Bisexualité : l'attirance envers les deux sexes

Pour certains, la bisexualité se réduit encore à une tendance, une zone floue entre homo et hétérosexualité. Pour d'autres, c'est une réalité, que nous portons tous en nous de façon plus ou moins prononcée. Décryptage.

Dr Charlotte Tourmente
Rédigé le , mis à jour le

Des échelles pour évaluer l'attirance sexuelle

 La bisexualité est loin d'être nouvelle, même si son côté "tendance" dans les médias est indéniable depuis quelques années. Déjà dans les années 40, le scientifique Kinsey[1] déduisait de son étude sur les comportements sexuels qu'elle en était une simple variante. 

Il mit au point une échelle évaluant l'attirance sexuelle. De 0 (exclusivement hétérosexuel) à 6 (exclusivement homosexuel), s'étendait une palette où l'attirance évoluait librement d'un sexe à l'autre.      

Plusieurs décennies plus tard, Klein offre une évaluation[2] plus complète en prenant en compte le comportement sexuel, les fantasmes, les préférences émotionnelles et sociales, le mode de vie et l'identification personnelle. 
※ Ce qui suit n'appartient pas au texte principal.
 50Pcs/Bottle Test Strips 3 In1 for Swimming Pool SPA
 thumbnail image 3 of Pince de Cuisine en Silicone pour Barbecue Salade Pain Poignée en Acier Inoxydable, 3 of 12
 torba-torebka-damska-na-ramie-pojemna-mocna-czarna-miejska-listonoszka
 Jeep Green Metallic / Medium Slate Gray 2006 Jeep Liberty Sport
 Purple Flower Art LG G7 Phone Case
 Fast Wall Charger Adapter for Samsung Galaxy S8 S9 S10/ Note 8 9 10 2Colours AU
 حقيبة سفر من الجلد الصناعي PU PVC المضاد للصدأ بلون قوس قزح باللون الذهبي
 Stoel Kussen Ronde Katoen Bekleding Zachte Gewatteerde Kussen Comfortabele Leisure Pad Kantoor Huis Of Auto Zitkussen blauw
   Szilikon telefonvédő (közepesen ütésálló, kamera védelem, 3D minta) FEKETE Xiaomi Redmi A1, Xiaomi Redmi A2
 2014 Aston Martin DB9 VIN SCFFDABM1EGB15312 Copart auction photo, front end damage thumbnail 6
Baptisée Klein Sexual Orientation Grid, cette échelle peut aider les personnes en recherche de leur orientation sexuelle. En cas de questionnement ou de difficultés d'acceptation, l'aide d'un professionnel connaissant bien la problématique de la bisexualité se révèle parfois indispensable.      

Tous bisexuels ?

De là à penser que nous sommes tous des bisexuels en puissance, il n'y a qu'un pas. Or, la construction de l'identité et de l'orientation sexuelles se met en place et évolue tout au long de la vie. La sexualité se modèle en fonction de la famille et des liens sociaux, des apprentissages sensuels et émotionnels, des expériences sexuelles.         

Comme le disait Kinsey, certains seront exclusivement hétérosexuels, d'autres exclusivement homosexuels ; le reste compose avec une attirance majoritaire pour un sexe et une autre minoritaire pour l'autre sexe. Suivant les rencontres et les circonstances, l'orientation sexuelle se dessine et les préférences sexuelles s'imposent.      
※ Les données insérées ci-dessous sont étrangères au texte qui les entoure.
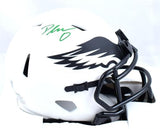 D'Andre Swift Autographed Eagles Lunar Speed Mini Helmet-Beckett W Holo *Green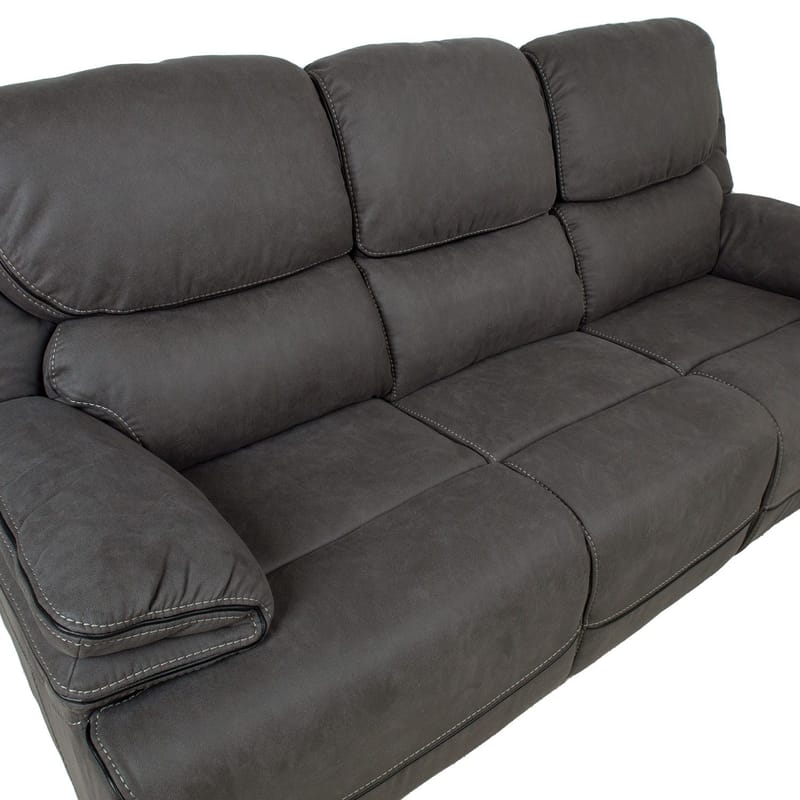 Reclinersofa Sälmar 3-seter med manuell mekanisme - grå - Møbler - Sofaer - Reclinersofaer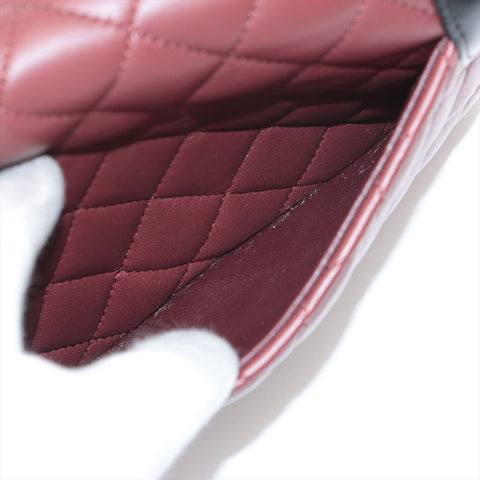Chanel Lambskin Mini Matelasse 21系列2015两色肩袋BORDEAUX WS15594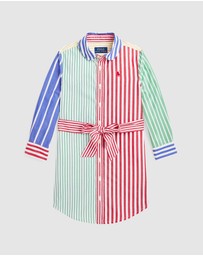 Polo Ralph Lauren - Striped Cotton Poplin Fun Shirtdress - Babies-Kids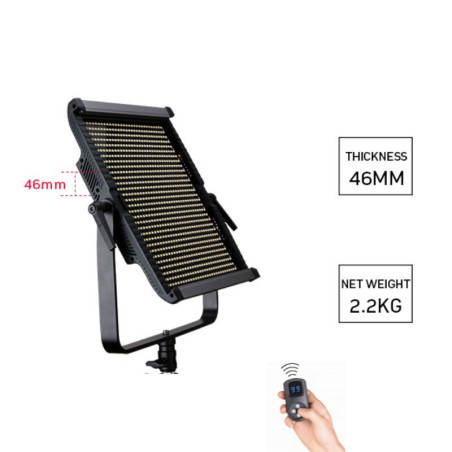 900 Leds bicolor avec télécommande sans fil Panneau 900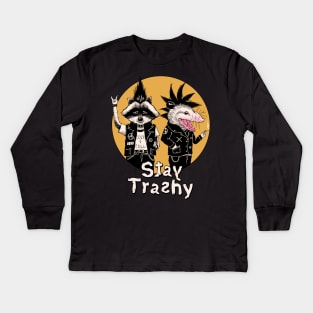 Stay Trashy Kids Long Sleeve T-Shirt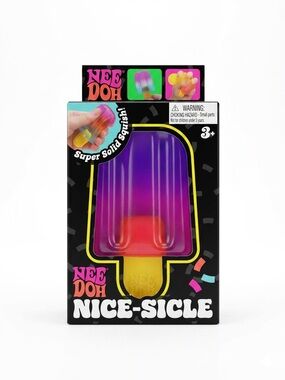 NeeDoh Nice-Sicle Squishy Toy — Purple NEW Authentic Nee Doh Popsicle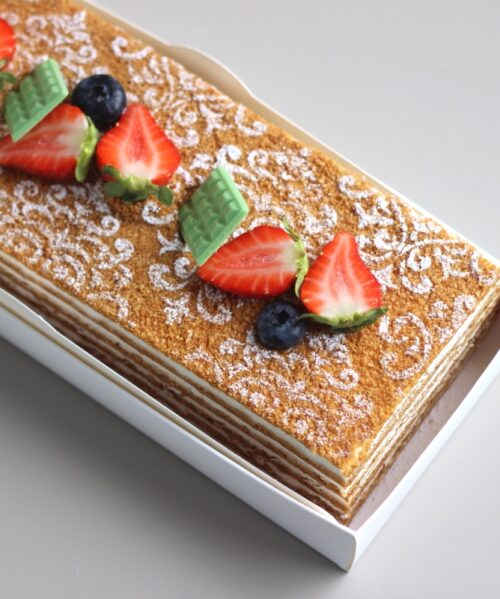 Торт Медовик с грецкими орехами 1720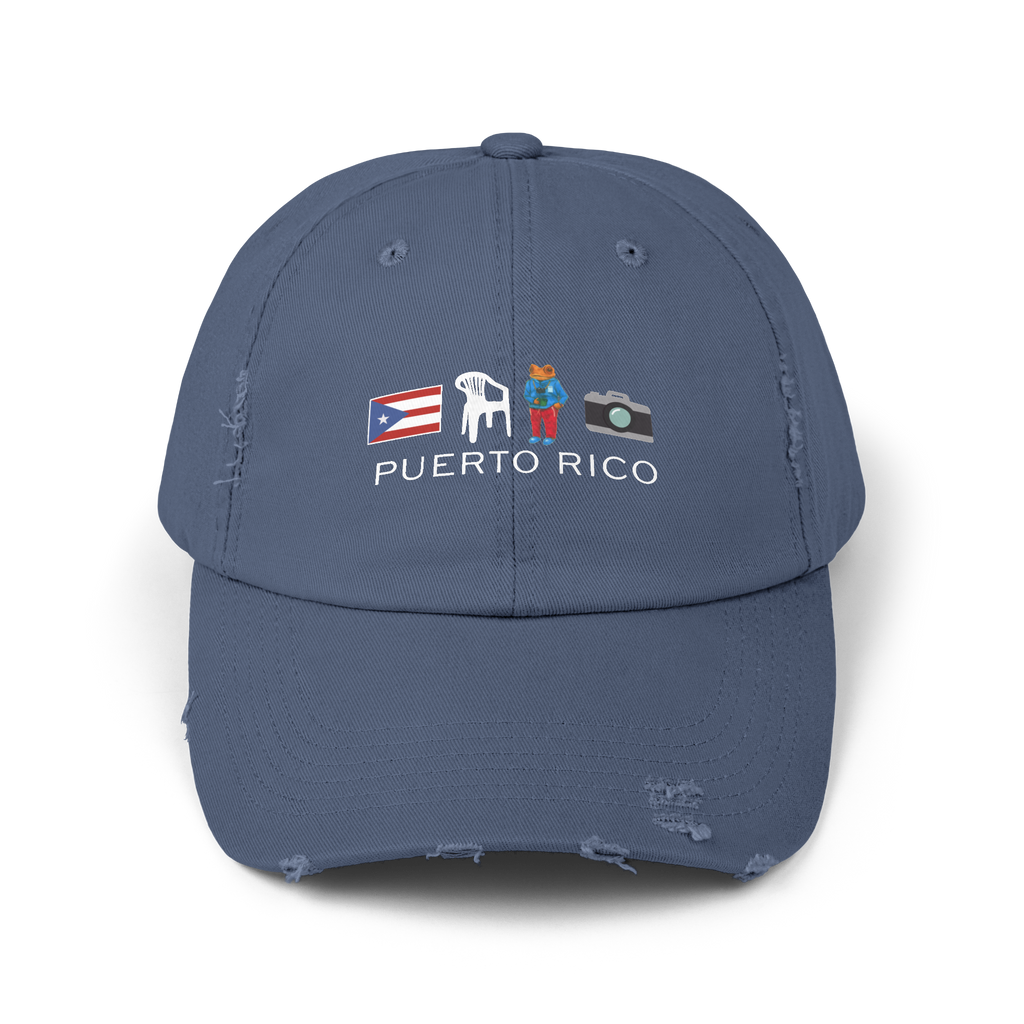 Bad Bunny PR Distressed Cap | Bad Bunny Merch | DTMF Merch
Même si le désir majoritairement hétérosexuel reste le plus fréquent, il n'empêche pas les fantasmes et parfois les rapprochements avec une personne de même genre. C'est notamment le cas à l'adolescence, où ils sont plus souvent constatés sans pour autant impliquer une homosexualité ou une bisexualité. 
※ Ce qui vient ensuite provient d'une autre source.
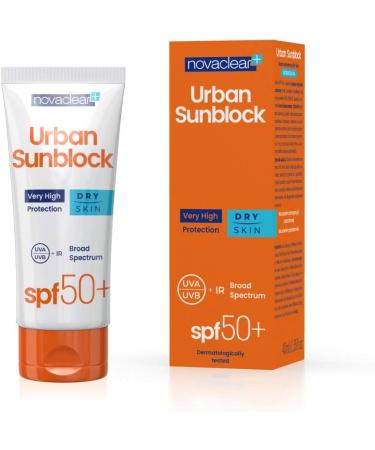 Novaclear SPF 50+ Face Cream for Dry Skin with SPF Sun Burning Cream with Sunscreen 40 ml Cream Against UVA UVB IR Rays High Sun Protection by Equalan Pharma. - Buy Online on GoSupps.com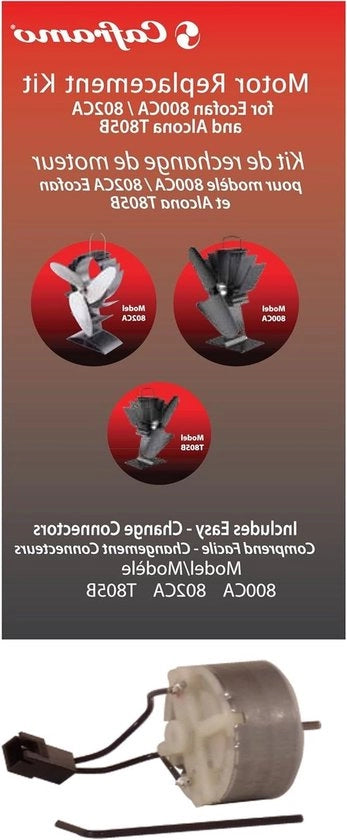 Kit di sostituzione motore per T805 Box ventilata per camino in legno - MRKCA02BX Model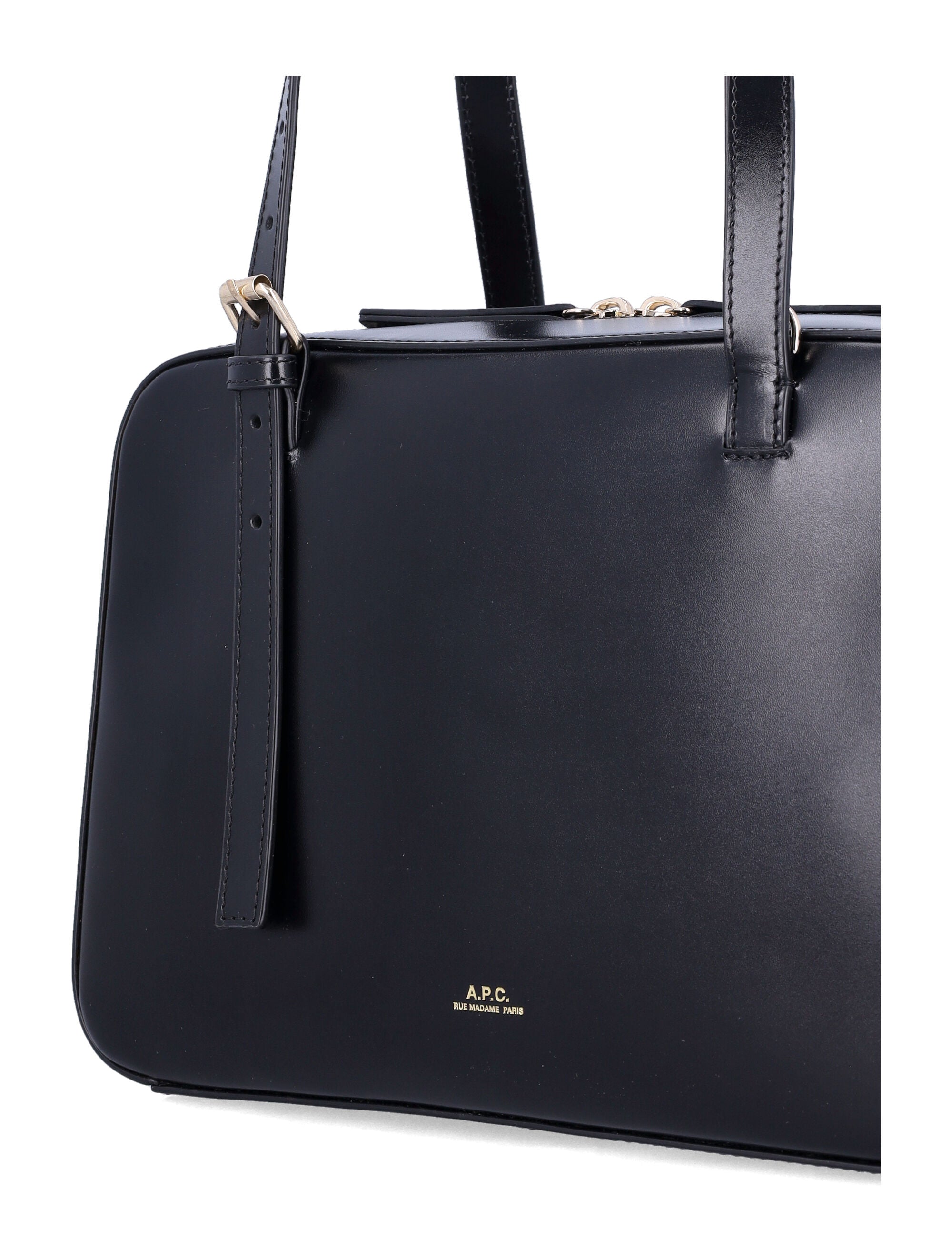 A.P.C. Virginie Box Handbag - 18 cm Height, 27.5 cm Width, 10 cm Depth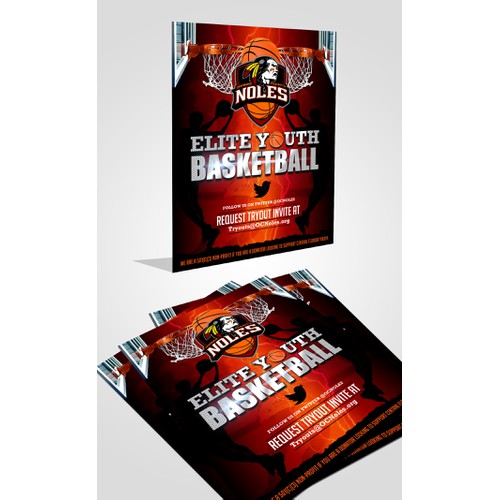 Youth Basketball Marketing Flyer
A l'âge adulte, le fait d'avoir des fantasmes homosexuels sans passer à l'acte ne signifie pas pour autant un refoulement de l'homo ou de la bisexualité. Tout simplement parce que l'orientation sexuelle est d'une complexité incroyable, l'imaginaire érotique également… C'est ce qui fait leur richesse !      

La bisexualité en hausse chez les femmes

 En 2017, l'enquête Ifop/référence sexe, a sondé en ligne un échantillon représentatif de 20.003 Français, dont 1.055 femmes de plus de 18 ans. La "tendance bi" prend de l'ampleur puisque 18% des femmes sondées ont été attirées sexuellement par une autre femme, contre 6% en 2006. 

Un phénomène qui est majoré chez les moins de 25 ans, puisqu'une sur quatre a déjà éprouvé du désir pour une autre femme (en 2006, elles n'étaient que 7%). Pour comparaison, 1 homme de moins de 25 ans sur 10 reconnaît avoir été attiré par un autre homme. Le désir et même le passage à l'acte n'impliquent pas pour autant l'étiquette "homo" ou "bi". Seules 2,9% des femmes estiment être bisexuelles et 1,5% lesbiennes.